I wrote this article as part of a series published on the Mercury Media Technology GmbH blog.
We have developed a guide for you to facilitate the planning of this high-potential transformation for your business. It addresses the most pressing questions that managers will have to cover to set out on this exciting journey:
- What are data-driven solutions?
- Why invest in data-driven solutions?
- When to invest in data-driven solutions?
- How to invest in data-driven solutions?
- Which steps are needed to get started with the transition?
- How to estimate the costs?
What are data-driven solutions?
Technical solutions which enable the handling and leveraging of data, aiming to improve business outcomes through transparency, cost-saving, and internal efficiency. Datasets could originate from various sources:
- Internal: Supply Chain Management, Customer Service, Advertising, and so on
- External: market data, competitors, legal environment, and other forces which can influence the company’s business.
The resulting outcomes can include production costs, sales, loyalty, retention, margin, average basket price, ROI… These solutions are named Data Science, Business Intelligence, Data Analytics and so forth.
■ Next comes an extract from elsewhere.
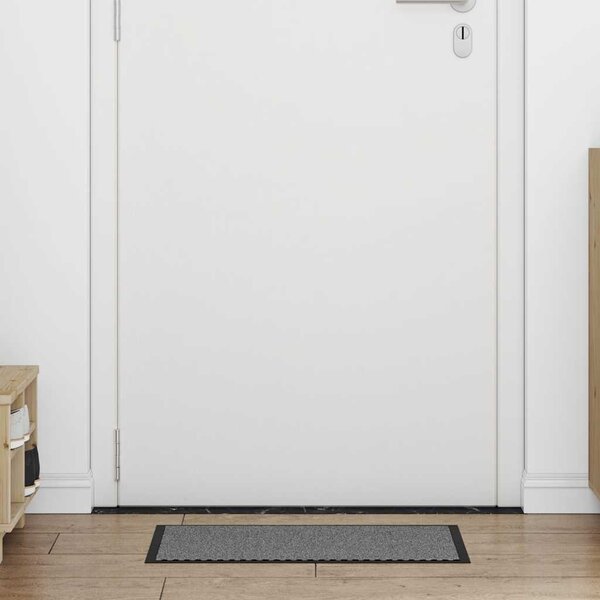 VidaXL Rohožka, celková hmotnost 2700 g/㎡ [4105553] Barva: Hnědá, Velikost: 60 x 150 cm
Their common point is that they are objective-based and drive tangible improvements enabled through data.
Why invest in data-driven solutions?
Because no business is capable of analyzing its data manually anymore. It is not only about collecting, organizing and presenting data but also about making sense of it and leveraging the analysis to reach the company’s goals.
Some companies may have implemented super powerful excel macros to convert part of their data into insights. But not to the fullest. Why?
- Because The World Economic Forum estimates that by 2025, 463 exabytes of data will be created each day globally – that’s over 210 million DVDs per day! That means a LOT of data!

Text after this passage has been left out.